As the pulmonary division has grown over the years, my clinical and academic interests have broadened to include pediatric lung transplantation. In 2002, I subsumed the role of program director for the pediatric pulmonary lung and heart-lung transplant program at LPCH. As a result, we are the 5th largest pediatric lung and heart-lung transplant program in the United States (the 2nd largest pediatric heart-lung transplant program) and the only pediatric lung transplant center in the Southwest, West, and Northwest region of the country (not including Texas). At least 100 infants and children have been evaluated at the center for pediatric lung and heart-lung transplantation at LPCH and 37 children have received transplants in this period of time.
My career plans are to foster further growth of the center with the goal to create a translational pediatric research center for lung and heart-lung transplantation at LPCH.

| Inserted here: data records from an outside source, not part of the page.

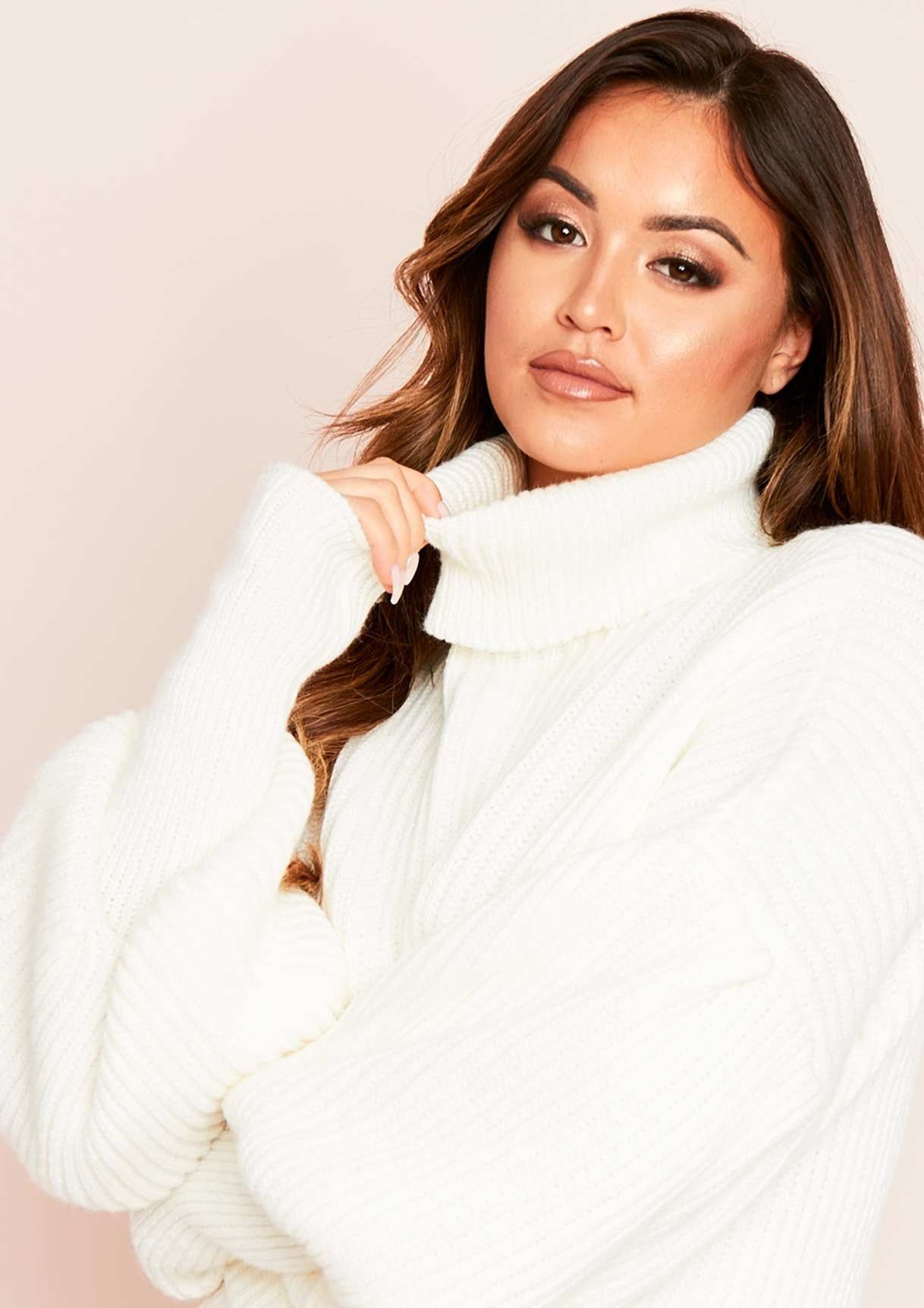 Aiyana Cream Balloon Sleeve Roll Neck Cropped Jumper sold by Missy Empire product image thumbnail 3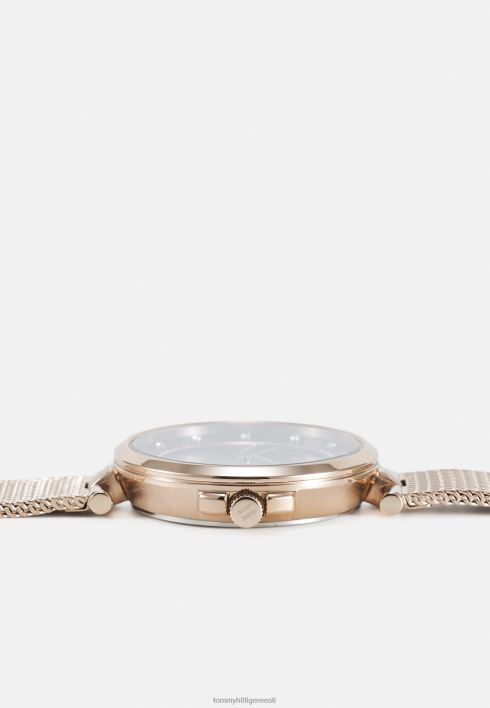 cami käekell RJV626656 roosakuldne/must Tommy Hilfiger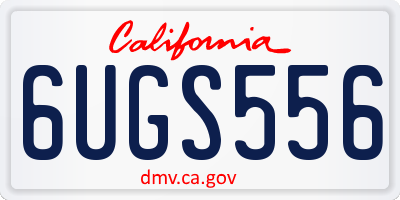 CA license plate 6UGS556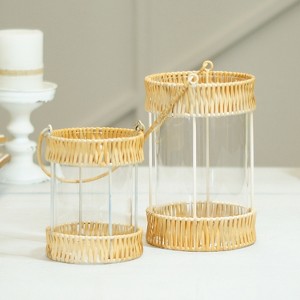 VIP Metal 9 in. Tan Round Lantern Set of 2 - 1 of 2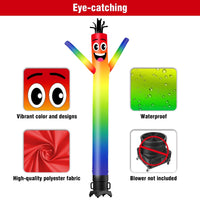 6 10 15 20FT Tall Rainbow Waving Inflatable Tube Man(Blower Not Included) - goodeny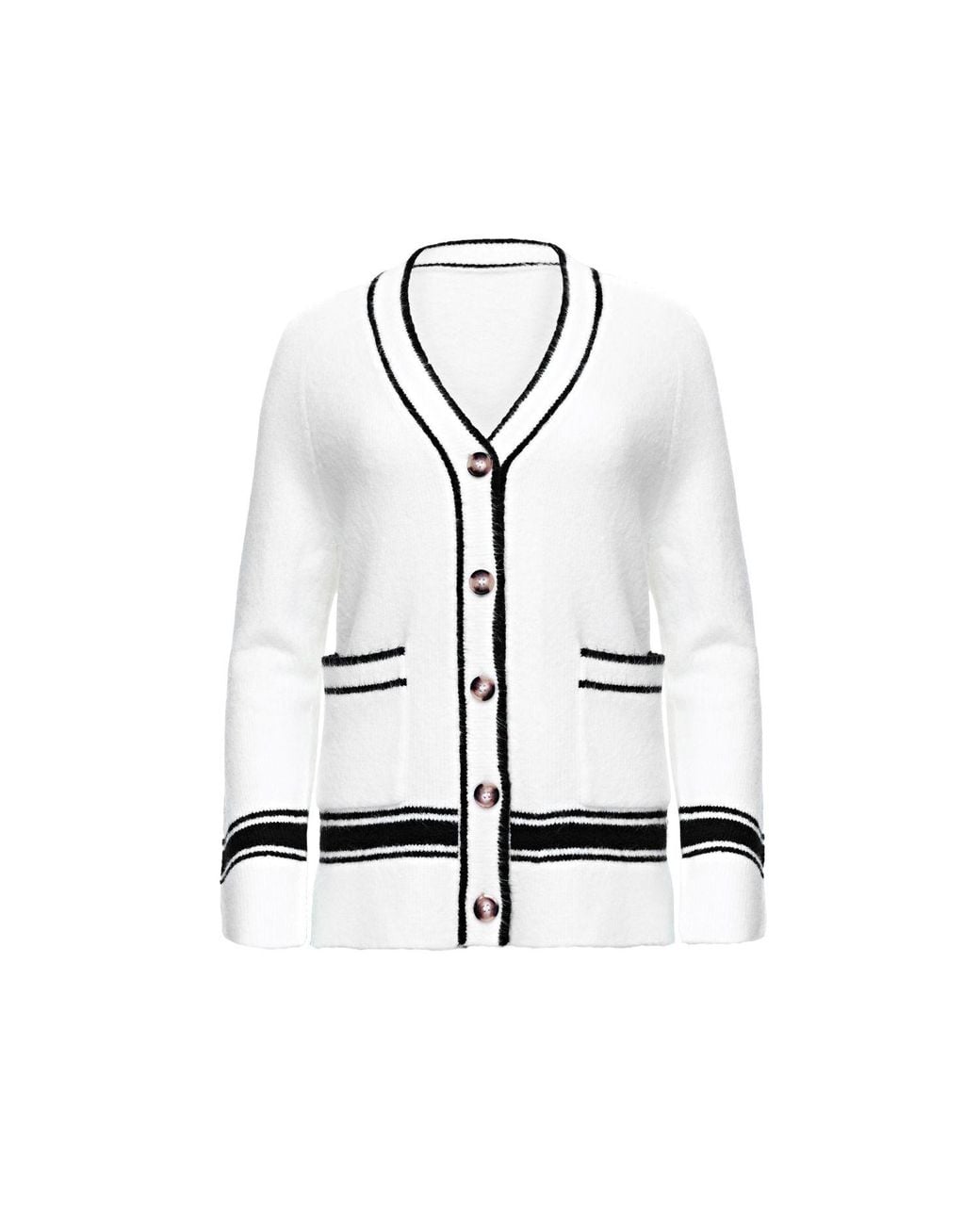 Goldie Byrd White Fuzzy Striped Cardigan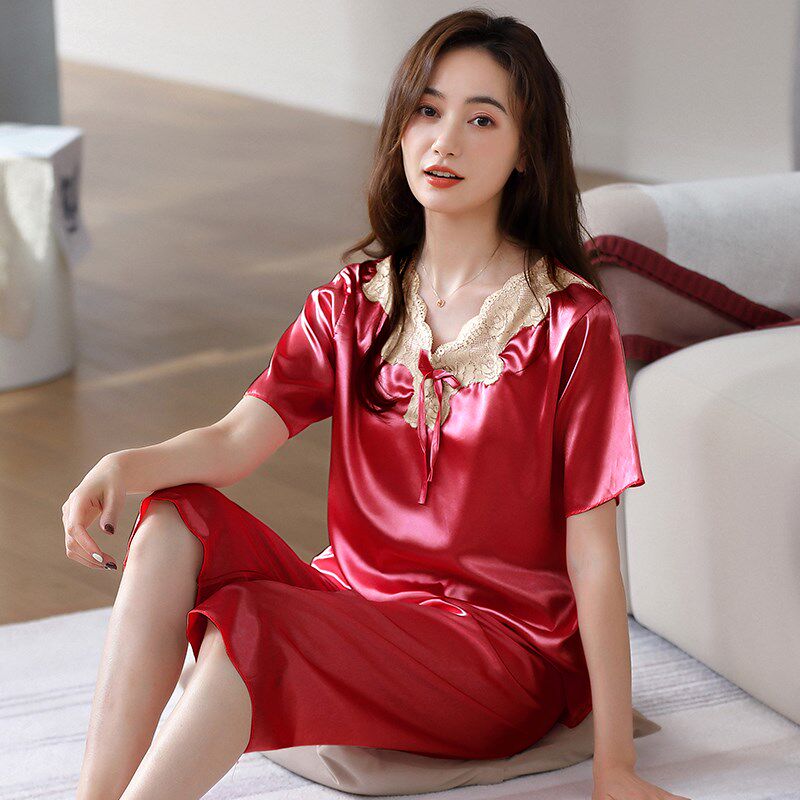冰丝女士睡衣夏季薄款V领短袖七分裤丝绸夏天休闲两件套装家居服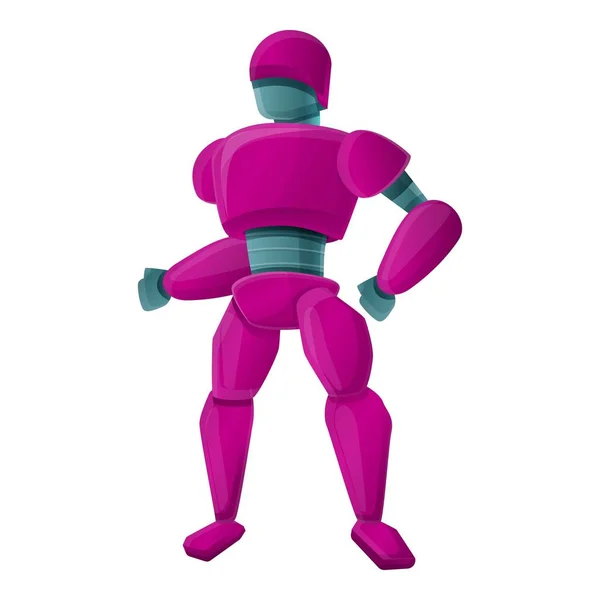 Pink robot icon, cartoon style — Stock Vector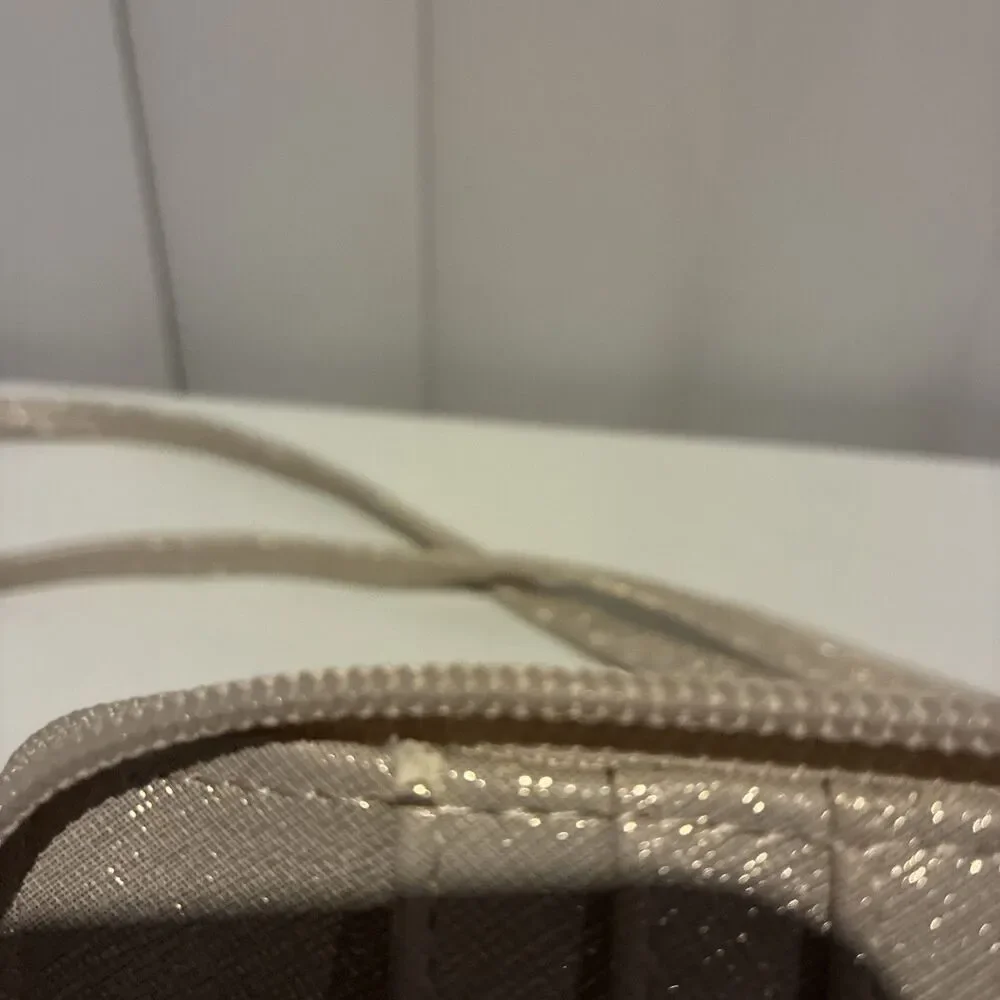 Kelly & Katie Glitter Crossbody Wallet-Champagne Gold-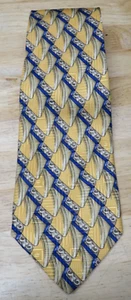 Mens ROBERT TALBOTT Best of Class Silk Neck Tie Yellow Blue Geometric Very Nice - Picture 1 of 11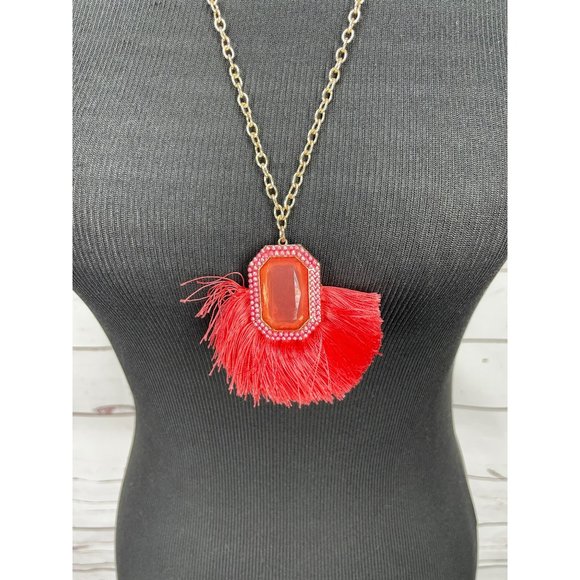 SUGARFIX by Baublebar Strawberry Ice Coral Goldtone Adjustable Chain Emerald Sha - Picture 6 of 8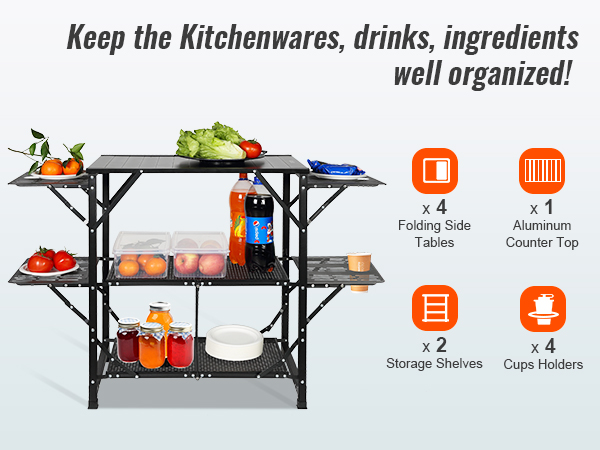 VEVOR camping kitchen table with aluminum counter top, folding side tables, and storage shelves.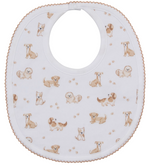The Kissy Kissy Puppy Paws Printed Bib features a snap closure and is crafted from soft Pima cotton, adorned with a delightful repeating pattern of cartoon puppies and small paw prints.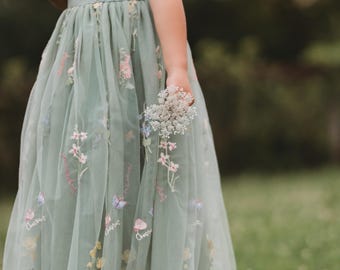 Sleeveless Flower Girl Dress | Wildflower Embroidered Tulle | All Colors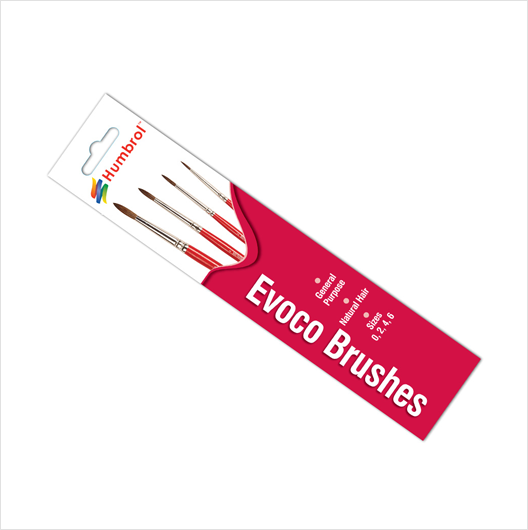 Humbrol Evoco General Purpose Paint Brush Set (4 pack)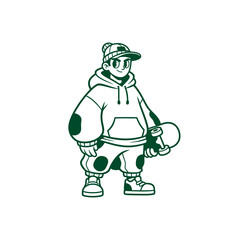 Cool Skater Boy with Beanie and Skateboard.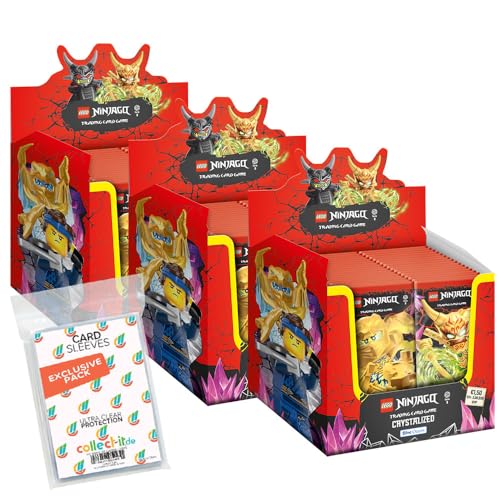 Bundle mit Blue Ocean Lego Ninjago Serie 8 Trading Cards - 3 Display (150 Booster) + Exklusive Collect-it Hüllen von collect-it.de MY HOME OF CARDS + TOYS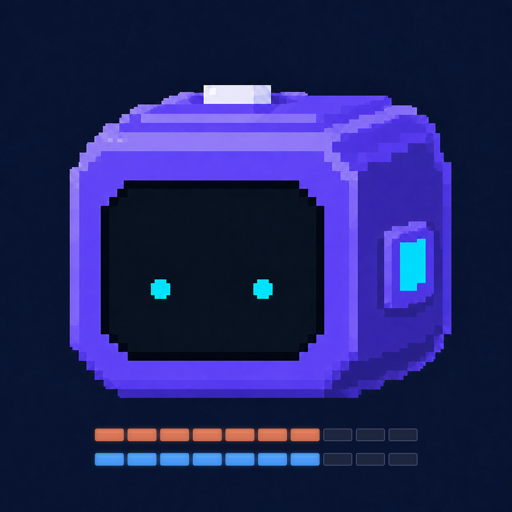 TokenRemain app icon: dimensional pixel robot head over Claude and Codex quota bars — identical on macOS, iOS and watchOS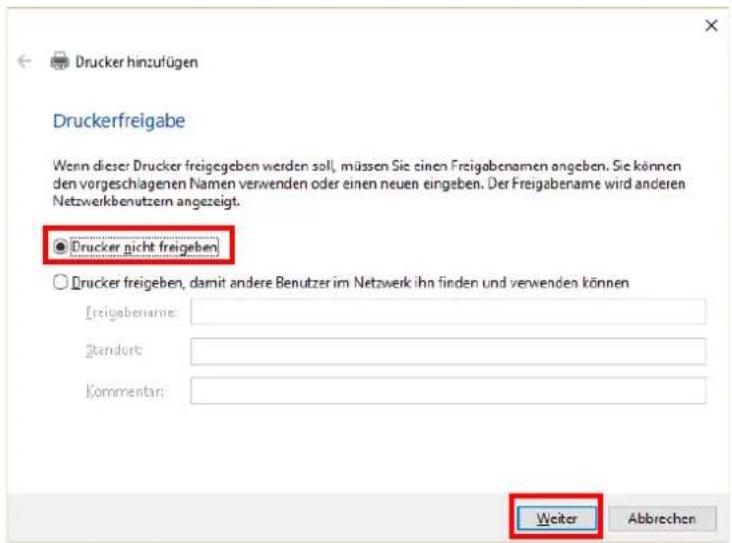 Drucker hinzufügen Druckerfreigabe Wenn dieser Drucker freigegeben werden soll, müssen Sie einen Freigabenamen angeben. Sie können den vorgeschlagenen Namen verwenden oder einen neuen eingeben. Der Freigabename wird anderen Netzwerkbenutzern angezeigt. ● Drucker nicht freigeben Drucker freigeben, damit andere Benutzer im Netzwerk ihn finden und verwenden können Freigabename: Standort: Kommentar: Weiter Abbrechen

This nascent field of medicine is one in which little is known of the cellular and molecular mechanisms within transplantation dynamics and where the possibilities for discovery and therapeutic advances are considerable. In this field, I have co-authored several peer-reviewed manuscripts and abstracts, and I am a PI in international studies regarding outcomes for children who have undergone lung and heart-lung transplantation. The pediatric lung and heart-lung transplant program at LPCH is one of seven sites that participated in an international prospective study funded by the Clinical Trials in Organ Transplantation in Children (CTOT-C) from the NIH that will examine the effect that viral infections may have on the mechanisms of lung allograft rejection (development of bronchiolitis obliterans, OB) in children. OB is the single most important life-limiting process affecting lung and heart-lung transplant recipients. It is a fibrosing process that obliterates the allograft airway lumen. Once the process is initiated, it is difficult to abrogate. The etiology is poorly understood, and multifactorial. Most transplant researchers agree that ischemia-reperfusion injury (IRI) creates an abnormal cellular redox milieu that contributes to neutrophilic inflammation. Histopathologically, neutrophilic inflammation heralds the pathophysiologic consequences that result in graft failure due to OB. To date, the association of these early IRI and redox events to the occurrence of OB has not been fully investigated.
In 2014, the CTOT centers will proceed to an RDBPC study that will examine the effects of B-cell directed induction in combination with T-cell induction regimens on the effect of survival without BOS.